I often think fondly of the late Rabbi Avrohom Abba Freedman, whose Monday night study group I attended in the dining room of the late businessman Marvin Berlin and later at the Yeshiva Beth Yehudah building, both in Southfield.

In 1944, Rabbi Freedman was the first instructor hired to launch the Yeshiva day school. He never left. One night after our study group, Rabbi Freedman told me that I should join a busload of people he periodically took to celebrate Shabbat or a Jewish holiday in Borough Park, a predominantly Orthodox section of Brooklyn, N.Y. Unfortunately, the rabbi died suddenly at age 81 on Feb. 2, 2002, and I never made the journey.

Recently, I was in the metro New York area for a wedding and had the opportunity to explore the city on my own. While in lower Manhattan, I approached a yarmulke-wearing clerk at J&R Music World, which stands in what was once the shadow of the World
Trade Center. He very graciously told me which subway to take to Brooklyn and where to visit.

So, here I was on a Tuesday afternoon on the “D” subway line, headed to Borough Park. Granted, it was not Shabbat or a holiday, but I still hoped to gain a glimpse of what it was like to be a part of the large, vibrant Jewish community.

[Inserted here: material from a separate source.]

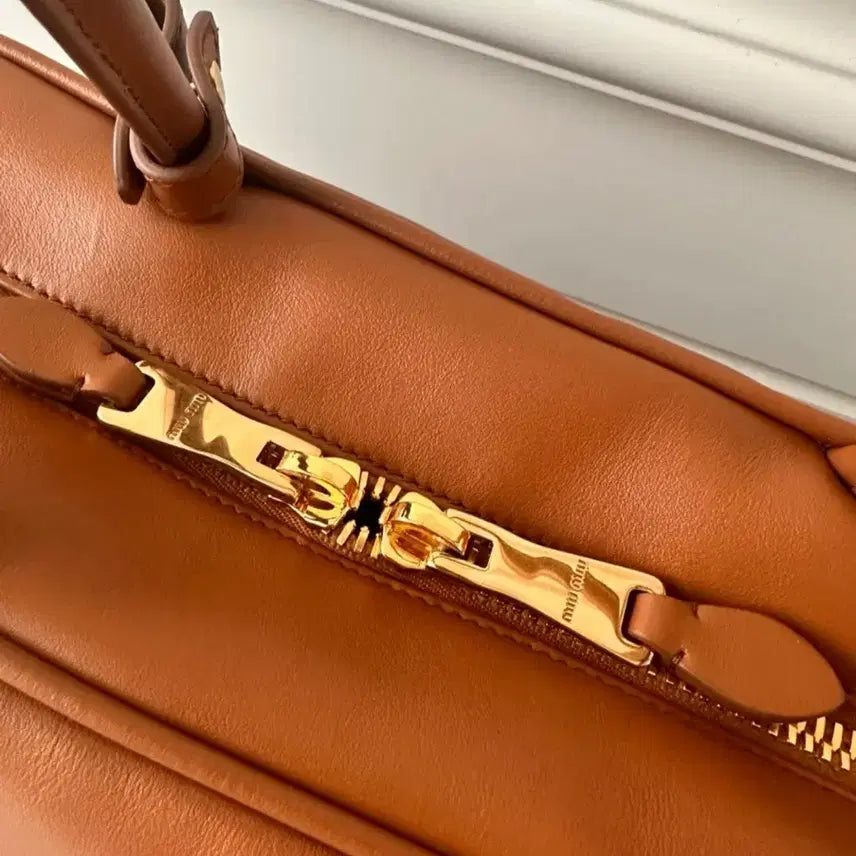 [BUNJANG] Miu Miu Bo Bag Large Cognac Handbag / 미우미우 보 백 라지 꼬냑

At 50th Street and 12th Avenue, I exited the subway car that had since morphed into an elevated train. I was immediately
lured by a kosher market, a kosher bakery and a kosher candy store. I took a moment to consume something sweet at each venue.
I then walked a block east toward the primary commercial district, passing small yeshivot along the way. Once on 13th Avenue,
I encountered blocks of Jewish businesses – additional kosher markets, bakeries and candy stores along with restaurants, bookstores, music shops and a hotel.

A Familiar Face

The first attraction that drew me in was the biggest bookstore on the block, Eichler’s. As I perused the shelves, I came
across the section of books displaying biographies of many great rabbis of past centuries. All of a sudden, while I scanned
the array of noble sages, I was extremely pleased to see the familiar face of a more common but noble man peering back at me – albeit crosseyed and through large, thick-lensed glasses. The friendly, bespeckled face on the book jacket was that of Rabbi Freedman; his biography Holy Warrior: A Portrait of Strength and Determination was penned two years ago by Detroit community leader Gary Torgow. So, here was the rabbi’s life story enshrined on a bookrack in Borough Park, side-by-side with the histories of the great rabbis of our heritage! The “warrior” reference in the book’s title describes Rabbi Freedman’s legacy: 58 years of relentless striving in Detroit to instill in children and share with adults – especially the waves of Russian immigrants – his love for Torah and dedication to the religious way of life.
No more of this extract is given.